The Boston Ridge is interesting - and would be great if there was a way to provide a "storm door" somehow, like the X-5.
But again, the high winds and ocean exposure / snow isssues are substantial. Thanks for the lead on the Boston Ridge - I'd not seen it before and it looks interesting.
glen
Hey Geoff,
Nope - you didn't miss anything, I was just detailing all the info. regarding how to go about venting the roof, if that's the route we go - though i think we're sold on spray-insulating at this point. The roof is so complex with all the penetrations, dormers, chimneys, and other interuptions, it'd be a monumantal task to get effective air flow through all the nooks and crannies.
Now if we can just find a good gutters / GC to get the exterior work down - we'd be in business.
glen
Just got the July JLC....
and in the "innovative Products" is an "Integrated Fascia Vent" made by GAF (GAF.COM) Pricey though at $90 per 12' length. Might be better off with your plan A or a thinner similar product.
You said: >> Of couse, it ends up providing a little less exhaust venting than would be ideal - but based on CS represenative discussions with vent mfr.'s, more intake at the "eave" (likely a fascia vent design - part II of the question below) is better than too much up top, at the ridge. More intake is better than more exhaust seemed to be the mantra. <<
That doesn't sound right to me. If memory serves here the code requirement is that sofit/ridge vent arangements have at least 50% of the ventilation in the upper part of the roof but not more than 80% up there to qualify for the 1/300 spec. Codes differ from state to state (ours is based on IRC 2006) but the concepts are the same: at lease 50% up top.
Mfg recomendations are always good to read and take into account, but for me anyway, taking advice from someone who is selling something is always suspect of being a flawed process.
I indeed saw the GAF Vent - and it is pricey. The initial challenge was achieving the correct balance between intake and exhaust - that was the trick here, and why the Cor-A-Vent and GAF products don't fit the bill; they provide too much intake at the fascia for the given ridge vent capacity. That's where I went on about a thinner / lower profile material.
As for the code - same here with the 50% - 80% requirement for 1/300 reduce venting requirement, but was rendered moot with a vapor barrier - which is part of the plan.
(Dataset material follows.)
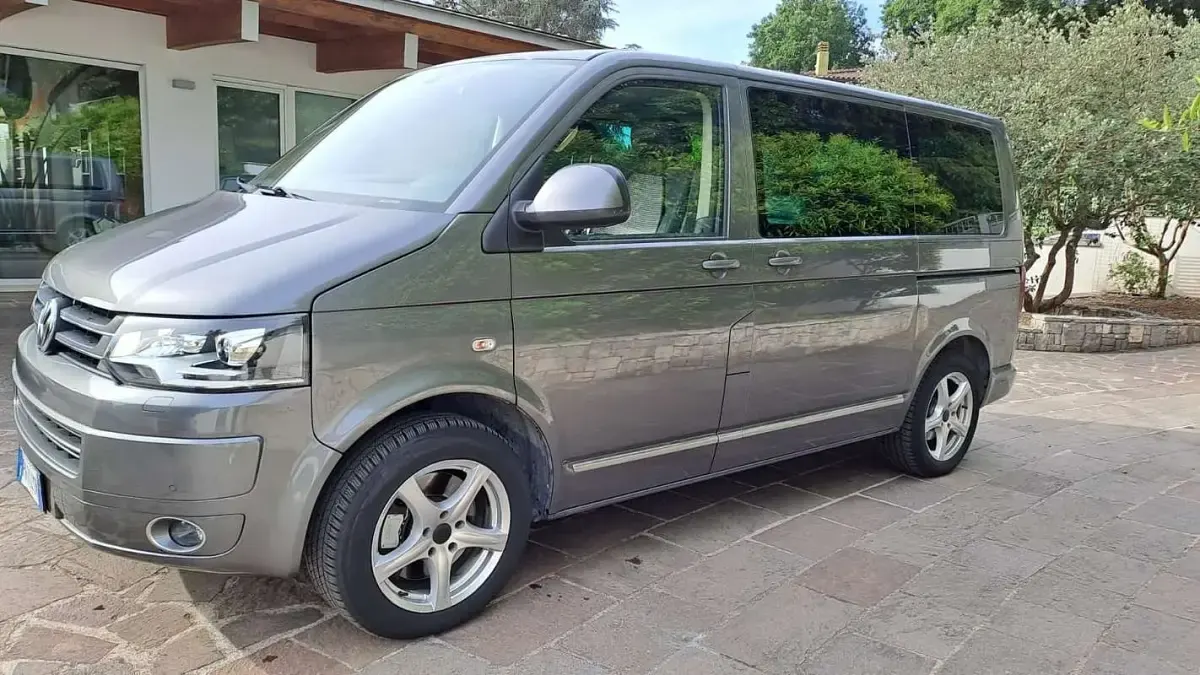 Usata VW Multivan Highline 180 CV (132 kW) 2012 Grigio Monovolume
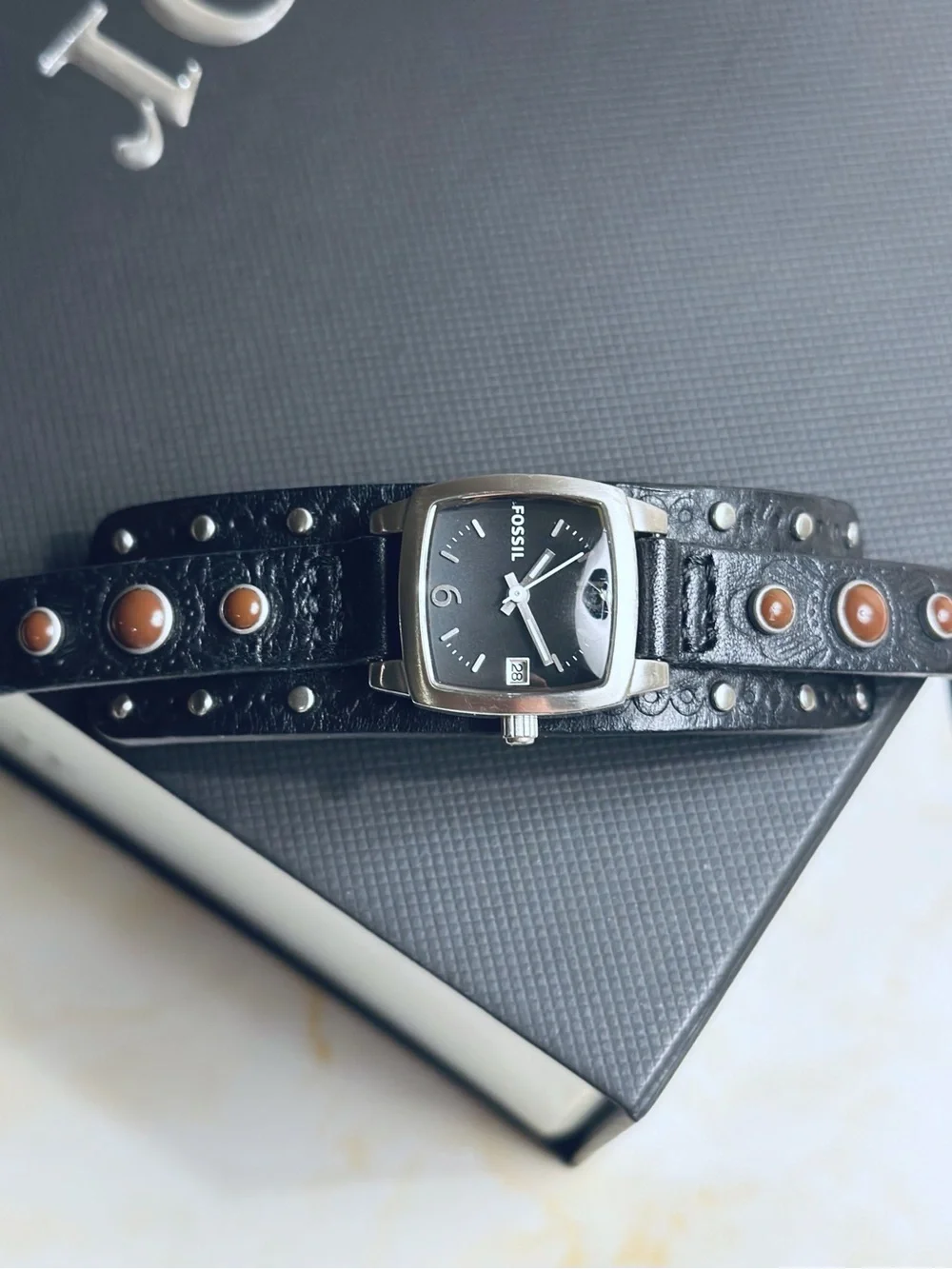 Fossil JR-1187 Women's Quartz Watch Black Dial Rectangle Case Date Leather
From section R806.2: As an alternative, the net free cross-ventilation area may be reduced to 1/300 when a Class I or II vapor barrier is installed on the warm-in-winter side of the ceiling.
So with a condition met to 'qualify' for the 1/300 ratio, I proceeded - again, trying hard to balance the air in at the perimeter - all the way around this hip roof - with what can be achieved at the ridge in terms of exhaust air flow. That's where I stopped, and decided to look for a much thinner material for a behind the fascia vent assembly. The Rafter Vent corrugeted plastic type material fits the bill perfect - allowing essentially a balanced intake all the way around the (4) sides, behind the fascia, and up to the ridge. Of course, it is not how it is supposed to be installed - but it met all the requirements of the code regarding ventilation materials and tolerances. Hell, I am the one stamping the drawings - so it's up to me - not the rep who thought it was an odd application!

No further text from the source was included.